Context-Modulated Composition in SET.

The SET model employs a compose attention mask for each closing nonterminal of type CNT1, while other actions utilize a stack attention mask. This stack mask renders accessible the representations of all completed constituents, words, and open nonterminals in the stack. In the scenario presented, the word sings is able to attend to the closed constituent NP), along with ancestral nonterminals (S and (VP. Significantly, at sings, knowledge of preceding words is only obtainable through the composed NP) representation, thereby reinforcing the syntactic composition’s compressive nature.

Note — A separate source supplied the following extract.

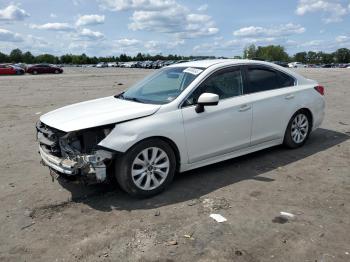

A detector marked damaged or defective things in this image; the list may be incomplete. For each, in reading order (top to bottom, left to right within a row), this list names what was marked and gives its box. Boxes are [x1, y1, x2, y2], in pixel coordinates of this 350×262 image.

Higher layers in SET exhibit a nuanced interplay between stack and compose attentions. The stack attention, utilized for the representation of sings, can access the composed representation of the preceding NP) subject. This integration of "outside information" deviates from the stringent bottom-up compositionality found in RNNGs and akin models. The SET model’s indirect incorporation of external context into composed representations instills a bias against embedding such outside information within these representations. This bias stems from two premises: (i) the composition of a constituent at position i is influenced by predictions or prediction errors of a subsequent symbol

a_{j}

(where

j > i

), and (ii) if

a_{j}

’s prediction heavily relies on information external to the constituent at i, a more direct attention path than through the composed representation at

a_{i}

will always exist. The availability of two pathways, one direct (via attention) and one indirect (through composition followed by attention), advocates for a preference towards bottom-up information in composed representations.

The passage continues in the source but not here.